Reproduce, exactly and in full, the lines from the one with "Mandrake # 285" through the one with "A/C Condenser - Cooling" in the data below; drop pictures.

Scraped caption text data
+---+
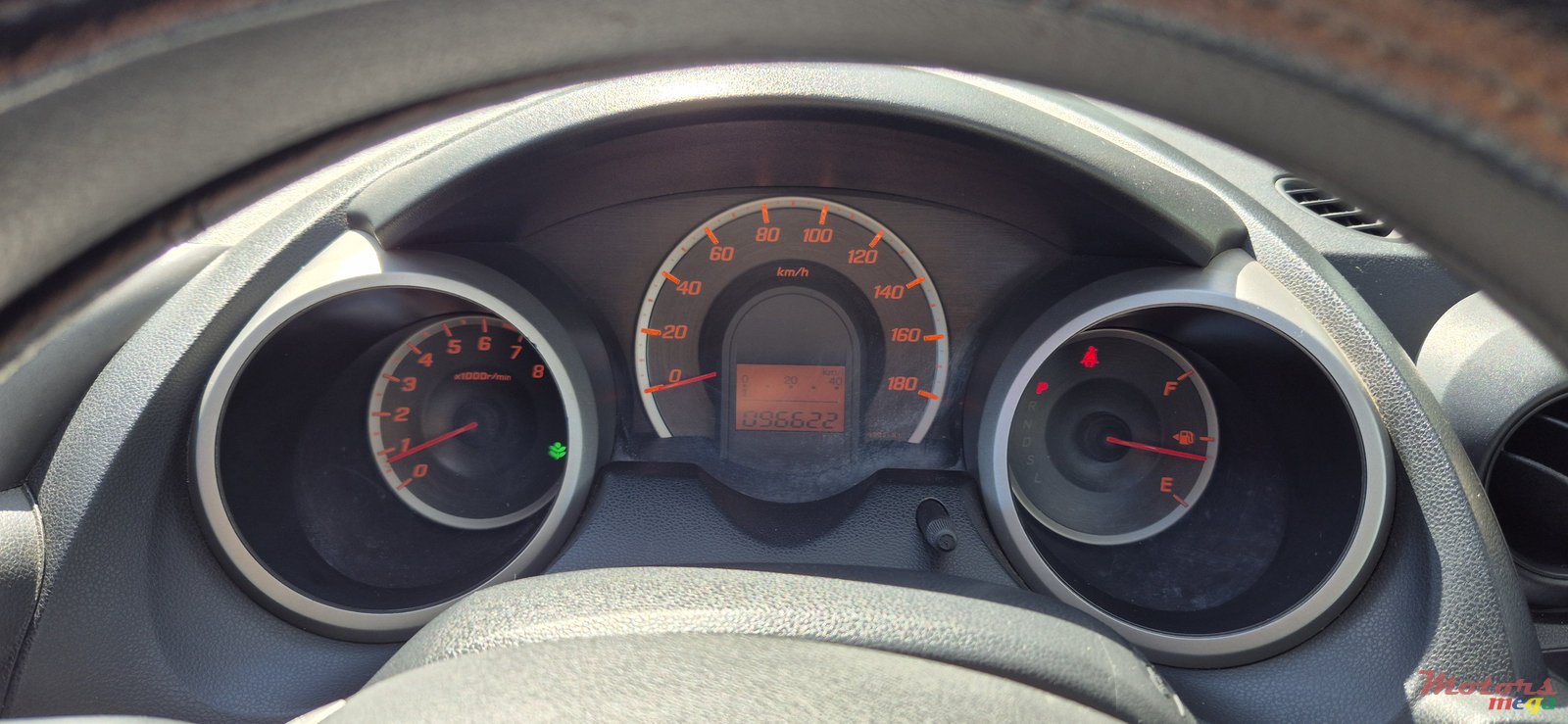 2011' Honda Fit photo #6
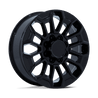 PR228 22X8.5 8X180 124 +44 G-BLK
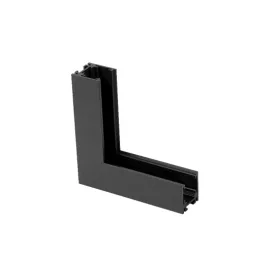MANTRA MAGNETO TEK L-JOINT SURF. WALL-WALL BLACK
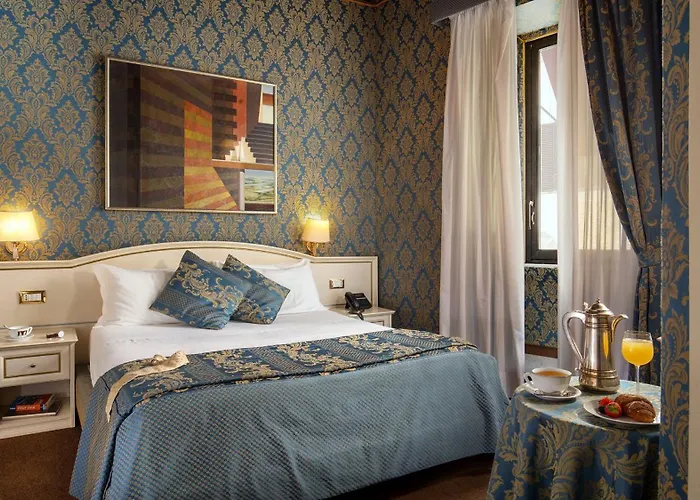 Hotel 5 stelle: Residenza Canova Tadolini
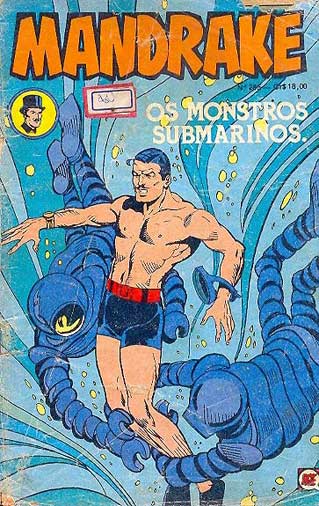 Mandrake # 285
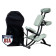 Eye Surgery Recovery (Vitrectomy) Basic Package Rental Seated Support Chair | MassageTableRentals.com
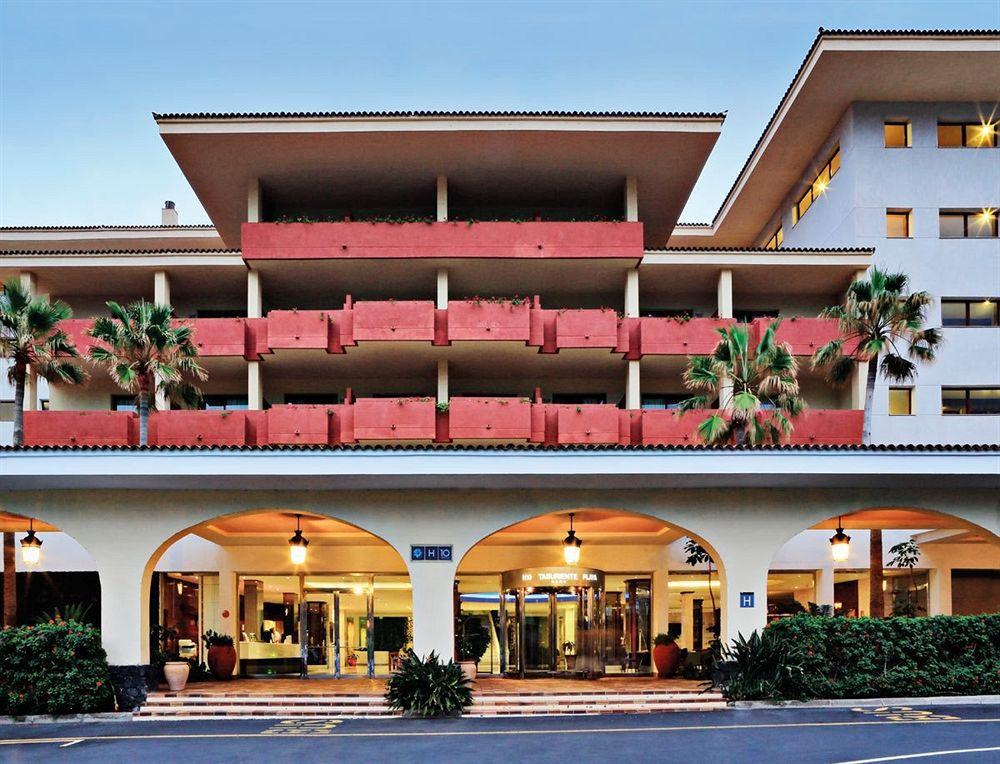 H10 Taburiente Playa Hotel Brena Baja Exterior photo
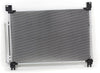 A/C Condenser - Cooling Direct For/Fit 30017 16-18 Lexus RX350 WITH Receiver & Dryer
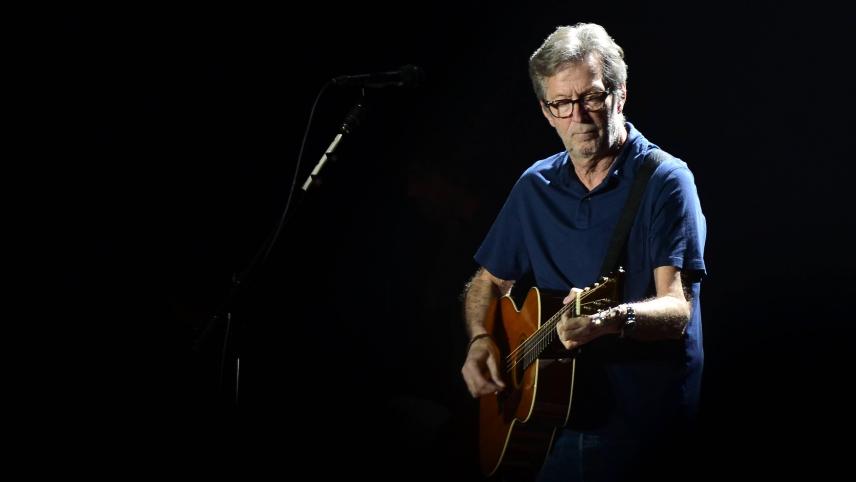 New York: la guitare d'un célèbre artistes des années 70 vendue plus de 600.000 dollars aux enchères
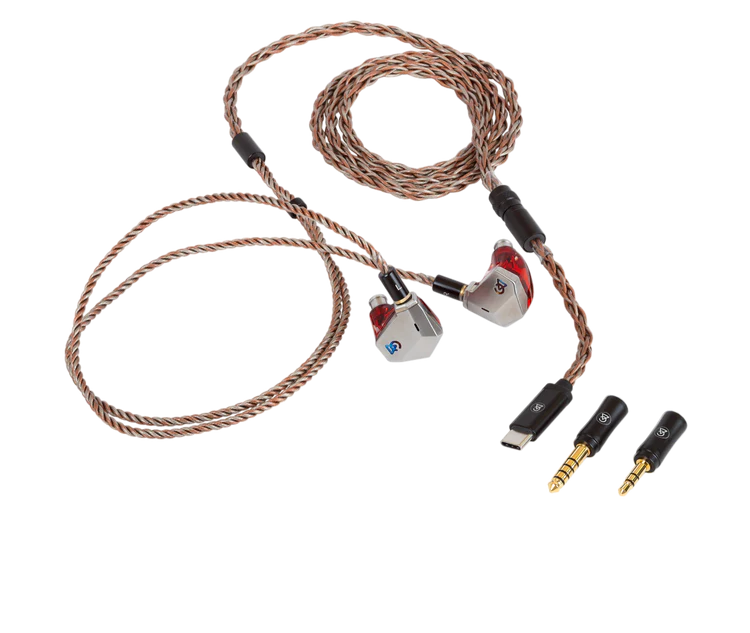 Campfire Audio Grand Luna Earphone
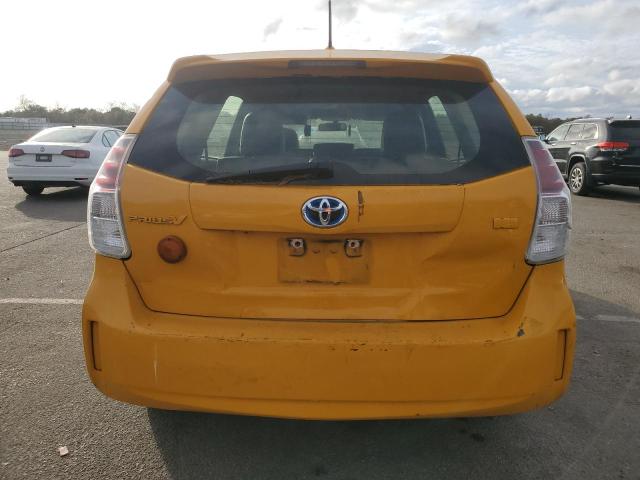 Photo 5 VIN: JTDZN3EU0GJ050262 - TOYOTA PRIUS V 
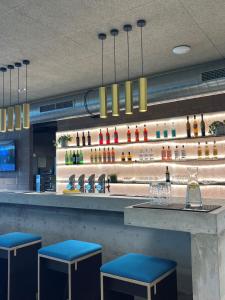 Boulderbar Hotel Leonding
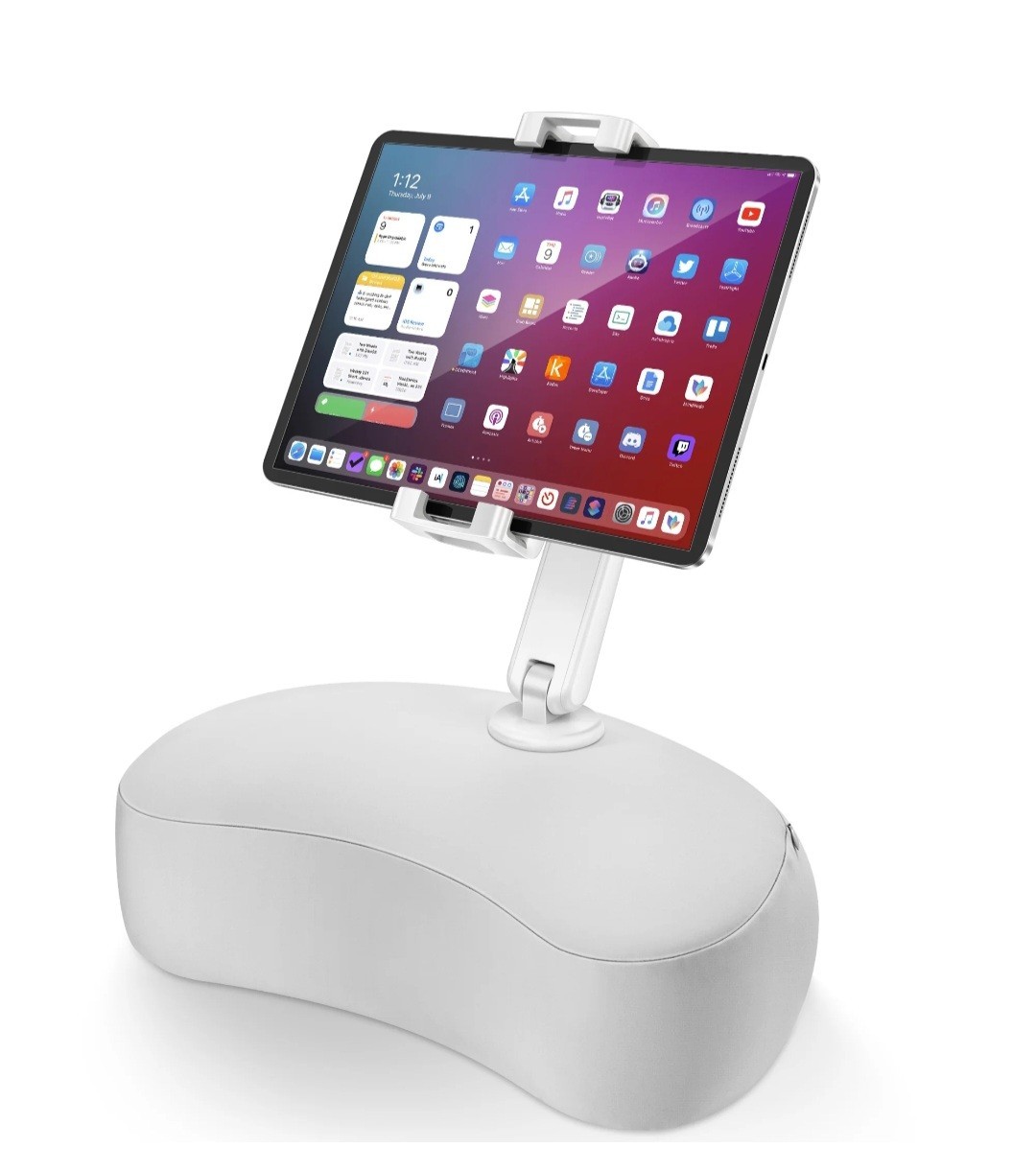 Tablet Pillow Holder for Bed (TH-35G)
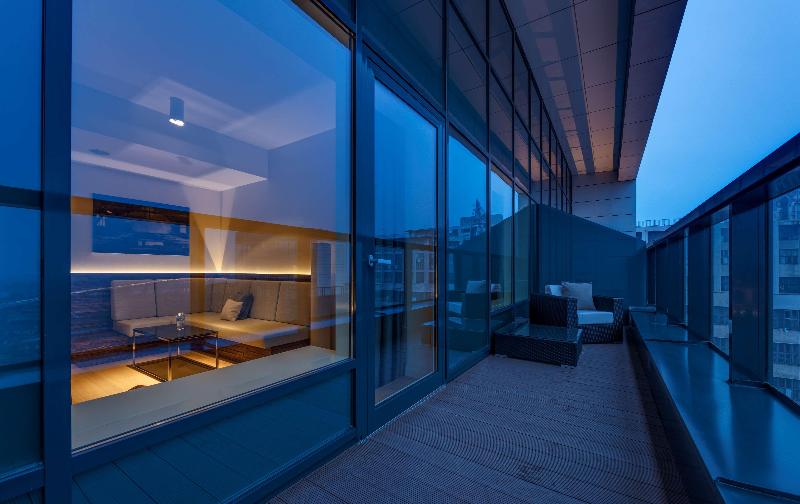 Radisson Collection Hotel, Old Mill Belgrade - Oda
+---+
(SOLUTION BELOW):
 Mandrake # 285
 Eye Surgery Recovery (Vitrectomy) Basic Package Rental Seated Support Chair | MassageTableRentals.com
 H10 Taburiente Playa Hotel Brena Baja Exterior photo
 A/C Condenser - Cooling Direct For/Fit 30017 16-18 Lexus RX350 WITH Receiver & Dryer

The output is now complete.